Indirect calorimetry was performed as previously described (Fang et al., 2018) using AccuScan Metabolic System (AccuScan Instruments). In this system, mice are housed individually in metabolic chambers with ad libitum access to food (Chow 5001; LabDiet PMI Feeds) and water. After a 24‐hr acclimation period, VO2 and RQ measurements were collected every 10 min. All comparisons are based on animals studied simultaneously in eight different chambers connected to the same O2, CO2, and light beam sensors. Gas samples were collected and analyzed every 10 min per animal, and the data were averaged for each hour.

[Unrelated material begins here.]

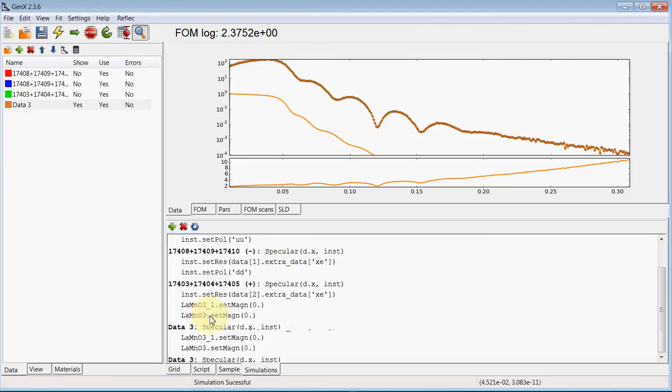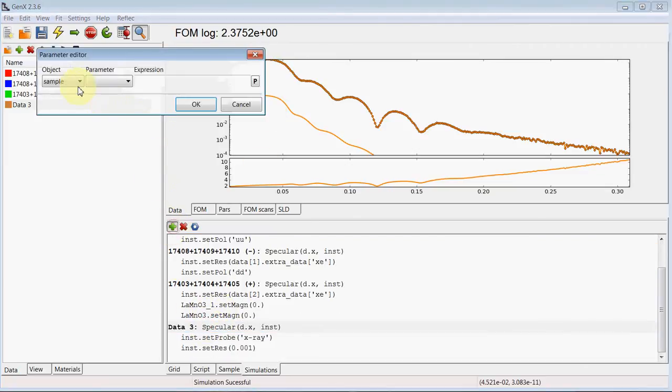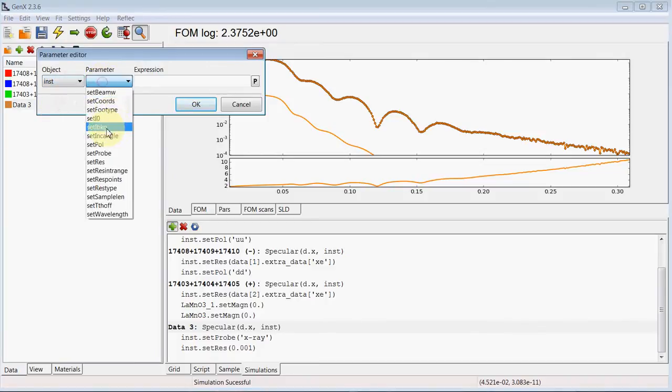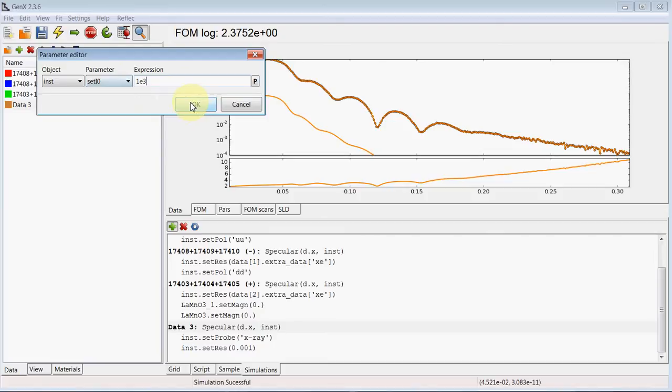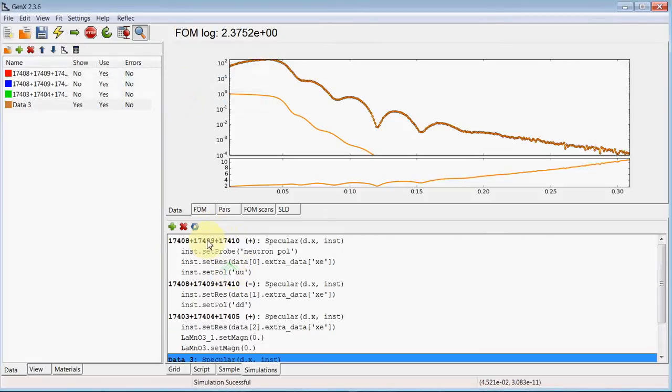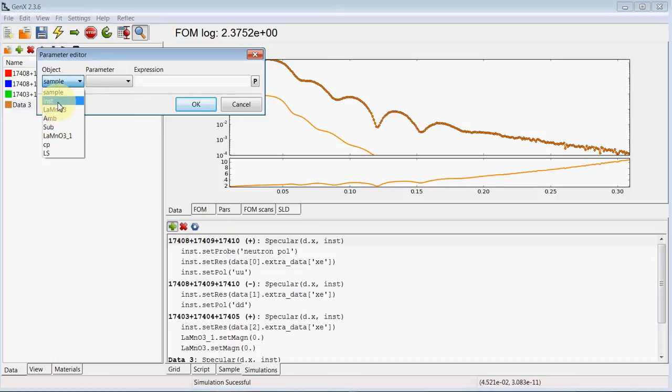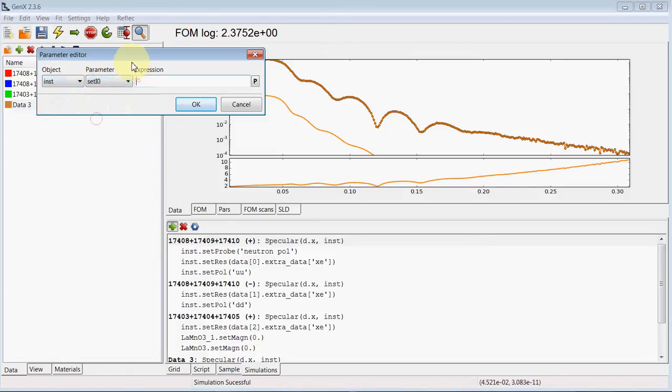So for the scaling we use instrument set I0, and in this case we'll try 10 to the power of 3. This we need to reset at the beginning with instrument set I0 1.0 for neutron.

4.4. Assessment of blood chemistry

Plasma was collected from animals anesthetized with isoflurane by cardiac puncture at sacrifice. The blood was mixed with EDTA, followed by centrifugation at 10,000 g for 15 min at 4°C for plasma collection. Per the manufacturer's protocol, insulin or leptin was measured with a Mouse Insulin ELISA Kit or Mouse Leptin ELISA Kit (Crystal Chem), adiponectin with a Mouse Adiponectin ELISA Kit (Linco Research).

4.5. RT–PCR

mRNA expression was analyzed by quantitative RT–PCR as previously described (Fang et al., 2018) using the StepOne System and SYBR Green MasterMix (Applied Biosystems). RNA was extracted using an RNeasy mini kit or RNeasy Lipid Tissue Mini Kit (Qiagen) following the manufacturer's instructions. Relative expression was calculated as previously described (Masternak et al., 2012).

4.6. Statistical analysis

Statistical analyses were conducted using a two‐way ANOVA to test for significance of sex (males × females), temperature (23°C × 30°C), and an interaction between sex and temperature. Differences between two groups were assessed with unpaired two‐tailed Student's t tests. The area under the curve was calculated using the two‐way ANOVA. A log‐rank test followed by a Tukey post hoc analysis between animals at eT of 23°C and 30°C was used for the longevity study. Maximum lifespan was estimated by calculating average longevity of the oldest surviving 20% of animals in each group and comparing them using conditional Student's t tests between the group at 23°C and the group at 30°C. Data are presented as means ± SEM. All statistical analyses and graphs were completed using Prism 6 (GraphPad Inc, La Jolla, CA, USA).

CONFLICT OF INTEREST

The authors have no affiliations with or involvement in any organization or entity with any financial interest or nonfinancial interest in the subject matter or materials discussed in this manuscript.

AUTHOR CONTRIBUTIONS

Y.F. designed and conducted the experiments, analyzed the data, prepared the figures, and wrote the paper. S.M. conducted the experiments and analyzed the data. J.D. helped with writing and conducting the experiments. E.H. and K.H. provided funding and helped with writing the paper. A.B. provided funding, designed experiments, and helped with writing the paper.

ACKNOWLEDGMENTS

We would like to thank Dr. John J. Kopchick for providing animals to start our colonies. We also would like to thank Chase Gibbs and MaKayla Cox for experimental assistance, Dr. Tracy Evans and Lisa Hensley for editorial assistance, and Lisa Hensley for helping preparation of the graph abstract. This study was supported by grants from the National Institutes of Health (AG031736 and AG051869 to A.B. AG057767 and AG061937 to E.R.H), American Diabetes Association (1‐19‐IBS‐126), and an internal grant from center for Alzheimer's disease and related disorders at Southern Illinois University School of Medicine.

Notes

Fang Y, McFadden S, Darcy J, Hascup ER, Hascup KN, Bartke A. Lifespan of long‐lived growth hormone receptor knockout mice was not normalized by housing at 30°C since weaning. Aging Cell. 2020;19:e13123 10.1111/acel.13123 [PMC free article] [PubMed] [CrossRef] []

Fang and McFadden have equally contributed to this work.

DATA AVAILABILITY STATEMENT

The data that support the findings of this study are available from the corresponding author (YF), upon reasonable request.